PROBLEM STATEMENT: Only the lines from the one containing "Burberry Black Belted" to the end of the listing below should be returned, exactly as written and without pictures.

══ GIVEN DATA

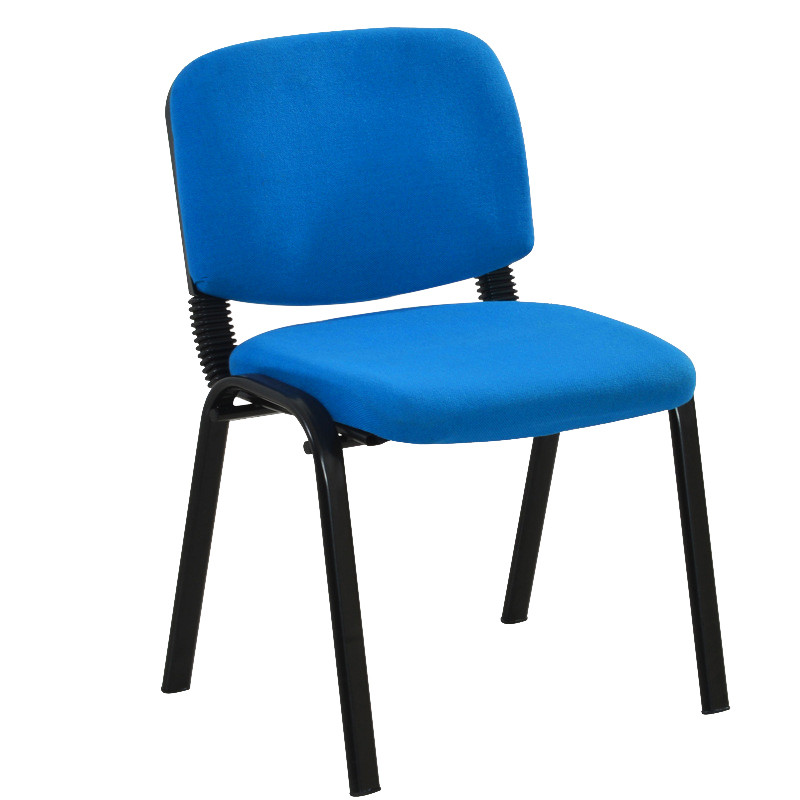 [规格:4把装 55*37*78cm麻布黑/灰/蓝/红]办公椅 新闻椅可叠摞网布会议椅 家用电脑椅 简约靠背麻布培训椅
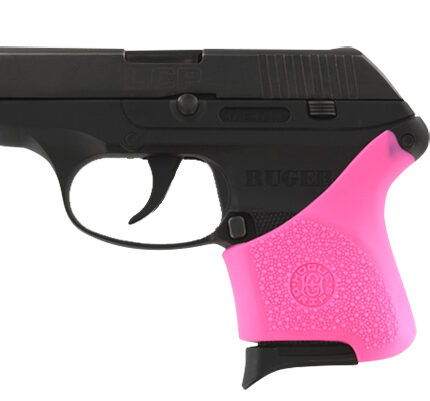 Hogue 18107 HandAll Hybrid Grip Sleeve made of Rubber with Textured Pink Finish for Ruger LCP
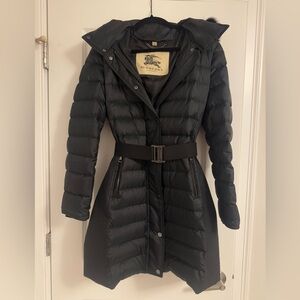 Burberry Black Belted Puffer Jacket with Fur Trim on Detachable Hood, US size 12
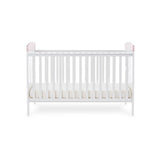 Grace Inspire Cot Bed & Fibre Mattress - Me & Mini Me Elephants - Pink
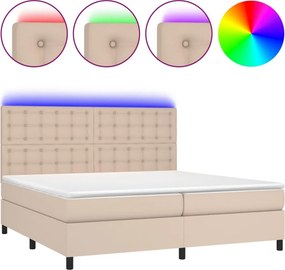 vidaXL Κρεβάτι Boxspring Στρώμα&amp;LED Καπουτσίνο 200x200 εκ. Συνθ. Δέρμα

════

ANSWER AREA:
 Burberry Black Belted Puffer Jacket with Fur Trim on Detachable Hood, US size 12
 Grace Inspire Cot Bed & Fibre Mattress - Me & Mini Me Elephants - Pink
 vidaXL Κρεβάτι Boxspring Στρώμα&amp;LED Καπουτσίνο 200x200 εκ. Συνθ. Δέρμα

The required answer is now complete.